An odd asteroid's peculiar tail is far longer than previously thought, stretching nearly three times the distance from Earth to the moon, scientists say.
The surprising tail of dust streaming from the asteroid P/2010 A2 is about 620,000 miles (1 million kilometers) long, new photos taken by the One Degree Imager (ODI) camera at the WIYN telescope in Arizona reveal.
"Previous images of A2 clearly indicated the tail extended beyond those relatively small fields of view; we wanted to use the superb image quality over a wide field that ODI offers to see just how much," Jayadev Rajagopal, WIYN scientist at the National Optical Astronomy Observatory in Tucson, Ariz., said in a statement. "But I don't think we were quite expecting to see a tail that extends out to and beyond even the ODI field!"
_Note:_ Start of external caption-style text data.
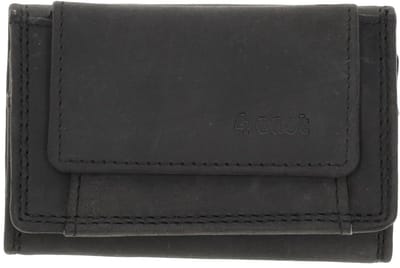 Dailygoods- Portemonnee Zwart - Compact en Stijlvol - Echt Lederen - RFID-Bescherming - Muntvak - 9.5x2x6 cm - Lichtgewicht - Wallet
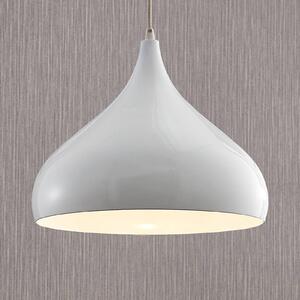 Lindby Ritana függesztett lámpa, fehér, fém, Ø 31 cm, E27, dimmelhető, Fehér / opál, Nappali / Étkező, Alumínium, Modern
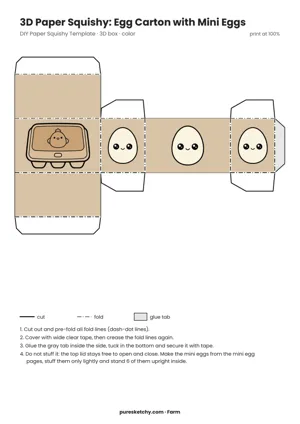 Full-color fold-up template of a beige egg carton box with a carton picture on the front and smiling eggs on the sides, printable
It's rare to see an asteroid with a tail — only a dozen such objects are known, Rajagopal said — and astronomers initially thought P/2010 A2 was a comet upon its discovery in 2010. But the picture became clearer after NASA's iconic Hubble Space Telescope photographed the object a month or so after it was first spotted circling the sun in the main asteroid belt between Mars and Jupiter.
The Hubble observations led astronomers to estimate that an asteroid 10 to 16 feet (3 to 5 meters) wide may have slammed into P/2010 A2's core, which is about 390 feet (120 meters) wide.
This cosmic smashup was likely as powerful as an atomic bomb, vaporizing the smaller space rock and stripping material from P/2010 A2. Sunlight and the stream of charged particles from the sun known as the solar wind then swept these dusty bits into a tail, the theory goes.
Over time, the centimeter-size particles in P/2010 A2's tail will form a meteor stream around the sun, as happens with debris shed by comets, scientists said. Earth will eventually plow through this spreading stream, causing meteors visible from the planet's surface — but not for another million years or so.
Asteroid collisions and other debris-spewing events add to a cloud of dust spread around our solar system. The new images from the ODI camera will shed light on how much material asteroids contribute to this "zodiacal dust," researchers said.